Wine Me, Dine Me, Nickel & Dime Me

Want to know the worst place in Florida to wait tables or sling drinks?


Known for its pristine Gulf Coast beaches, champion golf courses and world class shopping, Naples, Florida is home to a whole bunch of wealthy retirees who became wealthy retirees by acting like cheap, petty bastards in the restaurants and bars.  At first glance the town presents itself as a luxurious off-season bargain but soon after, it becomes obvious that its year round residents and retired regular visitors are simply the nickel and dime-ing types with discriminating tastes.

Our recent brief stay there began with surprise discount after surprise discount.  Upon arriving at our hotel, we were immediately offered a discount which I attributed to the desk clerk being gay and my boyfriend being cute.  When I told the clerk, “Thank you,” and that we were Florida residents, he interrupted me by further discounting our room.  What the hell, I thought.  It’s September and they must be desperate and friendly.

After checking into our half price fancy hotel, we went for a stroll down Fifth Avenue, where fine art galleries and designer clothing stores flank fine dining restaurants who all seemed to be offering three course bargain meals with free wine.  Perusing the menus which offered lobster, chicken marsala, and sauteed snapper, not a single eatery was charging more than twenty bucks for three courses with a drink and some even advertised half price bottles wine.

My delusional bubble that we’d simply stumbled upon an off-season bargain was soon burst when we sat down for a beer at McCabe’s Irish Pub.  An elderly gentleman was arguing with the bartender over the price of beers on his bill which were not discounted for happy hour.  When the bartender pointed out that it was not yet happy hour, the guy cited that it was already happy hour at another neighborhood bar and his bill should reflect happy hour pricing.   Although I was certain that the bargain hunting gentleman and his jewel-encrusted female companion could afford full price beers, I resisted the urge to interject, even though the young bartender was far too apologetic and kind.

At each subsequent restaurant and bar we went to, the same flea market mentality was in force.  Apparently in Naples, it is customary to demand discounts and argue about the price of your bill and the server will apologize, smile and accommodate any and all of your thrifty bull shit.  I’ve never seen anything like it and am now convinced that the service industry workers are suffering what I’ve labeled “Battered Bartender Syndrome.”  They weren’t just being nice.  They were whipped puppies.  Abused, worn down and broken into submission.  Trained to slash the price of your bill and apologize for underhandedly attempting to charge you full price.

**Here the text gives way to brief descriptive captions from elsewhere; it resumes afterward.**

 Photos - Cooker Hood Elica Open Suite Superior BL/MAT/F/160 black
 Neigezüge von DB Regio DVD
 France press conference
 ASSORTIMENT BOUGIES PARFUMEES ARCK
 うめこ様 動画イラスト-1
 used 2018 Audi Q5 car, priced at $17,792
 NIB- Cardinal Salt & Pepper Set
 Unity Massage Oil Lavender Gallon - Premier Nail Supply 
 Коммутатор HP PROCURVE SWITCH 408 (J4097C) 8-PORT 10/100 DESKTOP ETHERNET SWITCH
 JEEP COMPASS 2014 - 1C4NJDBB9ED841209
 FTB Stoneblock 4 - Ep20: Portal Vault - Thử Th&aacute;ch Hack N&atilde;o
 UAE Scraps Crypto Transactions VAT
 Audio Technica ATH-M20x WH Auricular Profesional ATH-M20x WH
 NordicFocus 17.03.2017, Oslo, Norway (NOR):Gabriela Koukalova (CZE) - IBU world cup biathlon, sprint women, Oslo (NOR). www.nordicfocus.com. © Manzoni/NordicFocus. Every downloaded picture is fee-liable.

At Verginia’s on Fifth Avenue we enjoyed a beautiful meal while seated at the bar.  When I asked the bartender for a wine list she rattled off all the happy hour half price specials.  When we asked for a dinner menu she steered us toward the three course twenty dollar meal.  When we told her we weren’t necessarily looking for a bargain she made a joke about being accustomed to doing the “Medicare Shuffle.”  As she poured our wine she reminded us that it was half off and we could enjoy happy hour prices all evening.   When we paid our check she informed us that we’d received a free glass of wine as advertised, half price appetizers, and that she hadn’t applied the five dollar split fee for sharing an entree.  We left her an obscene tip which I hope she used towards a ticket for the next bus out of there.

During our final breakfast on our way out of town, we were unfortunately seated near a nasal-voiced local woman who was hell bent on loudly telling the servers all about her pending divorce.   She only shut up for a few minutes to scrutinize her bill.  She called the waiter over to complain that the menu advertised salmon for $6 and on her bill it said $6.25 and when computing the bill with tax, she had not received her true ten percent discount.

I’d like to see that woman pull that kind of crap in my town.